Triangle $ABC$ lies in the first quadrant. Points $A$, $B$, and $C$ are reflected across the line $y=x$ to points $A'$, $B'$, and $C'$, respectively. Assume that none of the vertices of the triangle lie on the line $y=x$. Which of the following statements is not always true?
$\textbf{(A) }$ Triangle $A'B'C'$ lies in the first quadrant.$\\$
$\textbf{(B) }$ Triangles $ABC$ and $A'B'C'$ have the same area.$\\$
$\textbf{(C) }$ The slope of line $AA'$ is $-1$.$\\$
$\textbf{(D) }$ The slopes of lines $AA'$ and $CC'$ are the same.$\\$
$\textbf{(E) }$ Lines $AB$ and $A'B'$ are perpendicular to each other.
$\textbf{E}$
Let's analyze all of the options separately.
$\textbf{(A)}$: Clearly $\textbf{(A)}$ is true, because a point in the first quadrant will have positive $x$- and $y$-coordinates, and so its reflection, with the coordinates swapped, $(y,x)$, will also have positive coordinates.
$\textbf{(B)}$: The triangles have the same area, since $\triangle ABC$ and $\triangle A'B'C'$ are the same triangle (congruent). More formally, we can say that area is invariant under reflection.
$\textbf{(C)}$: If point $A$ has coordinates $(p,q)$, then $A'$ will have coordinates $(q,p)$. The gradient is thus $\dfrac{p-q}{q-p} = -1$, so this is true. (We know $p \neq q$ since the question states that none of the points $A$, $B$, or $C$ lies on the line $y=x$, so there is no risk of division by zero).

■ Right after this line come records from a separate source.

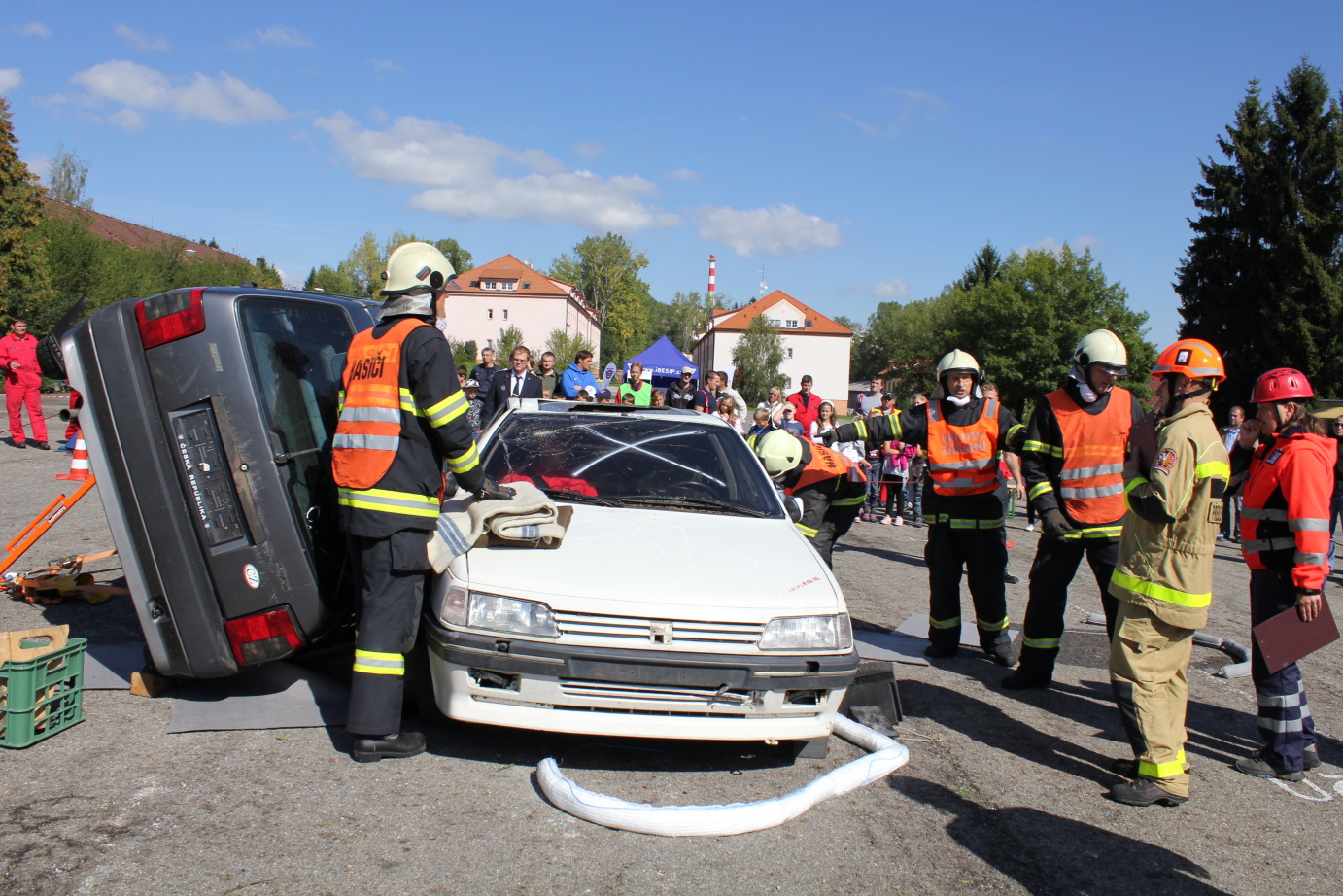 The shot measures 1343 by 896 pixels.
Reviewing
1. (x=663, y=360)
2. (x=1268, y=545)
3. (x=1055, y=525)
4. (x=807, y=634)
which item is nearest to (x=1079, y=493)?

$\textbf{(D)}$: Repeating the argument for $\textbf{(C)}$, we see that both lines have slope $-1$, so this is also true.
$\textbf{(E)}$: By process of elimination, this must now be the answer. Indeed, if point $A$ has coordinates $(p,q)$ and point $B$ has coordinates $(r,s)$, then $A'$ and $B'$ will, respectively, have coordinates $(q,p)$ and $(s,r)$. The product of the gradients of $AB$ and $A'B'$ is $\dfrac{s-q}{r-p} \cdot \frac{r-p}{s-q} = 1 \neq -1$, so in fact these lines are never perpendicular to each other (using the "negative reciprocal" condition for perpendicularity).
Thus the answer is $\textbf{(E)}$.
There is a real $n$ such that $(n+1)! + (n+2)! = n! \cdot 440$. What is the sum of the digits of $n$?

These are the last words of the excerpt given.